As I’m sure you’ve noticed, we’ve entered the era of “content marketing.” Content marketing budgets are going up; companies are falling over themselves to hire journalists to write stuff for them; and so on. But while everyone is rushing to produce content, do they know which content matters?

There are as many definitions of content as there are pundits. Here are a few

  • Paul Dunay: Things that can be shared socially, like blog posts, e-books, videos, podcasts and research reports
  • Bob Buday: Material companies create and market to educate their target audiences about how to solve an issue
  • Junta42: Relevant and valuable content to attract, acquire, and engage a clearly defined and understood target audience
  • Content Rules: Anything created and uploaded to a website [curiously excluding the book it’s written in]

All of these of course describe content, but they are all different. And there are many more. However, I don't think it's hard to propose a simple classification of content which includes everything and tells us how valuable each is. In my schema (for B2B content) there are just three buckets:

  1. Promotional: Promotes your product or service e.g. brochure, TV ad, banner ad
  2. Informative: Objective information about your offering e.g. data sheets or product specs. Also, objective information on broader issues, but which says nothing that hasn’t been said elsewhere already e.g. training videos.
  3. Insightful: Offers substantive new insights on a problem or opportunity e.g. report, article or post based on original research and/or insights

This sequence represents increasing value to the customer, viz:

Promotional : This material—as we all pretty well understand by now—is of low value to the customer and therefore also to you. For instance, it is now very hard to reach customers with promotional advertising online; the user is largely in control and she will click on your expensive banner ads on only 0.2% of the occasions she sees them. Chris Anderson of TED has calculated that the value of an online user to advertisers is less than 10 cents per hour.

Informative: This content populates two sub-categories. If it’s about your product or service (and it’s truly informative e.g. a data sheet, as opposed to promotional), it’s a utility and you must have it. If the topic is more general, the point of view has been published by a thousand people already. If for instance you want to write a blog post on the 7 steps to a social media strategy, note that a search on "social media strategy" rules OR steps OR things yields several million results, most in the vein of “5 Steps To a Successful Social Media Strategy.” BTW, seven is the most popular number, but the range is three to 10. You can pad a blog with posts like that, but you can’t cut through the clutter—or build a following. (Or if you can, so can nine million other people, which doesn’t compute).
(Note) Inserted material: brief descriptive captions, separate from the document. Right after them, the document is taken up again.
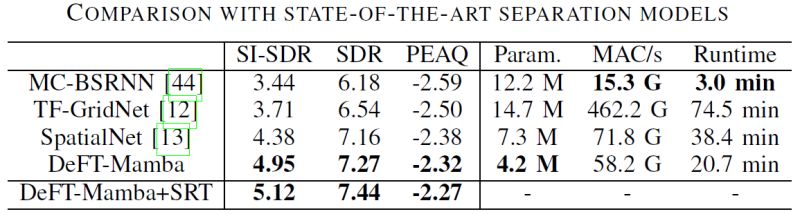 Multichannel Universal Sound Separation And Polyphonic Audio Classification - Sunset Background Collection - Full HD Quality
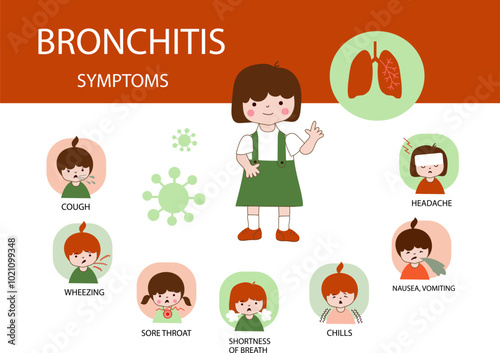 Child bronchitis symptoms Infographic poster with text and cartoon character.   Kids  health care Concept. Vector flat illustration for poster, flyer, banner
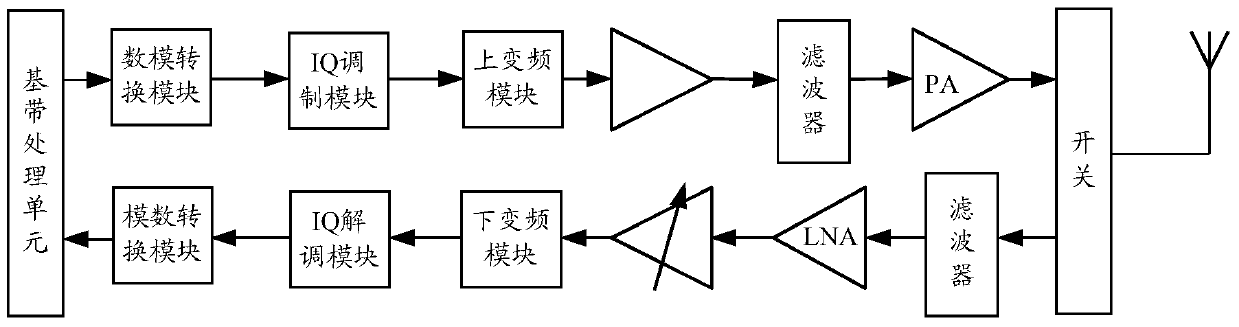 A signal transmission method and device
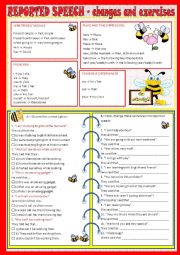 English Worksheet: Reported Speech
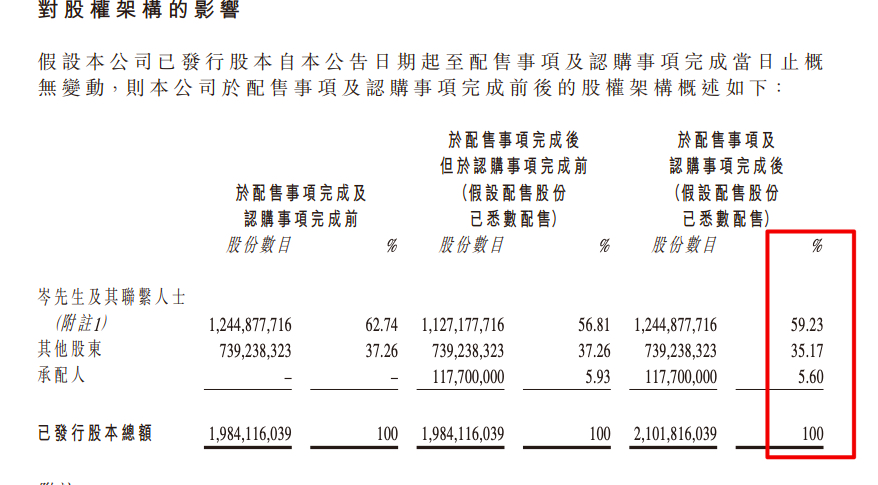时代中国控股拟先旧后新折让17.07%配售1.177亿股筹集约4亿港元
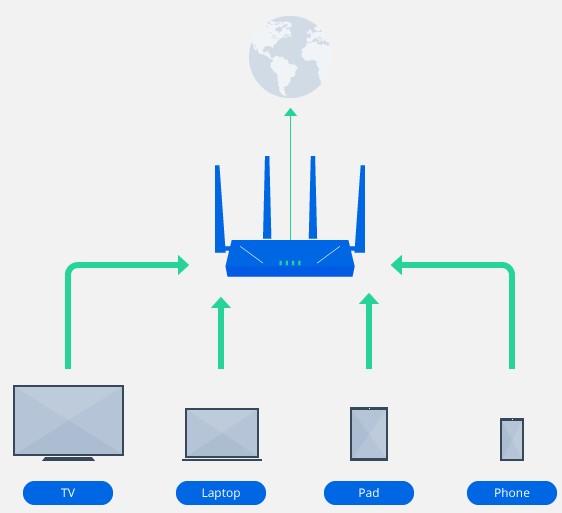 Quản lý lưu lượng toàn diện với Synology Router Mannager 5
Insightful: This is increasingly the content that matters most because it adds most value for the people who consume it. My advice therefore: Ignore those who promise you e.g. “25 Ways to Use the Web to Find Content for Your Blog” and write stuff that’s original. If you’re selling high tech equipment to Fortune 500 companies, that original material will require research and/or the extensive participation of your subject matter experts. If you are a marketer, or an artist (for instance), and you are naturally insightful, you might be able to thrive on observations and insights from your everyday life (like Chris Brogan).

But in any case, the most important thing is to say something new; anything else is spam.